PwC climate policy specialist Jonathan Grant explained: “It is often hard to make the link between the global climate negotiations and day-to-day business issues – national regulation is often more relevant and immediate.

The group most likely to gain from a Paris deal could be developing nations. Consider this: two thirds of the buildings that will exist in India in 2030 have not yet been built.

A deal in Paris will focus countries and investors on the fact that future infrastructure will have to be green. A deal will also encourage finance for green projects on a major scale and help developing countries ‘lock in a greener infrastructure’.

What happens if nations DO NOT agree a deal?

That depends on who you ask. Miguel Cañete, the European commissioner for climate action and energy is on record saying that Paris is the last chance for a binding agreement on climate change.

He told the Guardian: “There is no plan B – nothing to follow. This is not just ongoing UN discussions. Paris is final.”

That would put the onus back on individual nations to make climate pledges of their own and stick to them.

However, other diplomats don’t agree that Paris is the last chance to tackle climate change. Dan Reifsnyder, one of two UN co-chairs helping refine the main text for Paris, told RTCC that COP21 won’t be a failure if countries don’t set targets to limit global warming to 2C.
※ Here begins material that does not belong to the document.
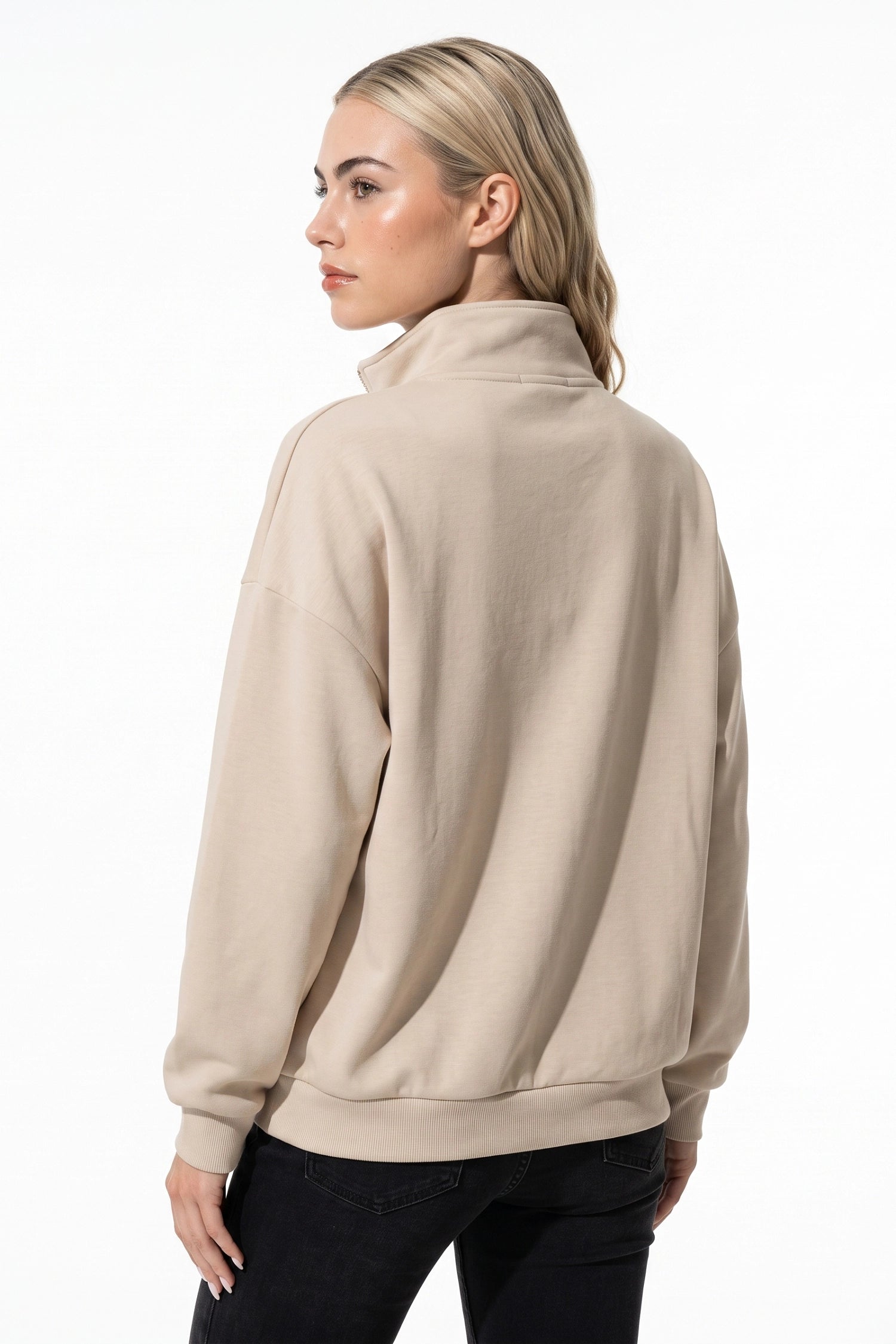Women’s Winter Comfortable Quarter Zip Jumper with Oversized Fit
He said: “It is not at all a failure if it doesn’t meet the 2C target. People seem to think we are all going to get together at a single COP and solve the problem once and for all. Climate change is a multi-decade problem; it is going to take the concerted efforts of countries for multiple decades to solve it.”

Reifsnyder said that an alternative would be ratcheting up targets over time in future COP meetings.
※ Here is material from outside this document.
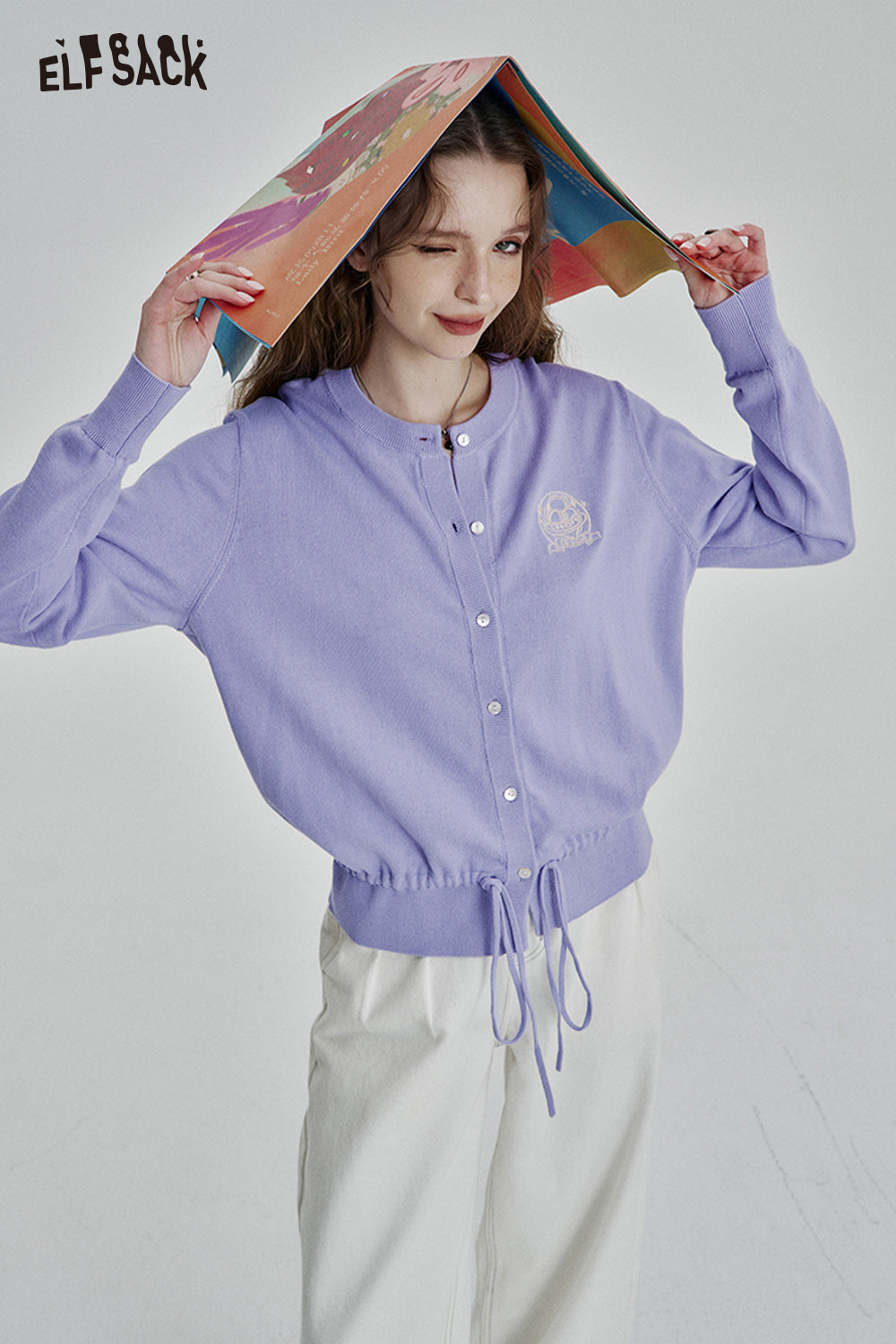 ELFSACK Sweet Dopamine Drawstring O-neck Single Breasted Knit Cardigan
What’s left on the road to Paris?

Negotiators return to Bonn in October for their final attempt to slim down the central document for Paris. Whatever emerges from that meeting will be the document debated by world leaders in Paris.

Talks are also expected to be given momentum by Climate Week in New York at the end of September – at which a flurry of INDCs are expected to be unveiled.

UN diplomats will be voting on whether to adopt the new Sustainable Development Goals, which should help create an interlocking set of commitments on the part of the world’s nations to address climate change, providing a strong foundation for agreement in Paris.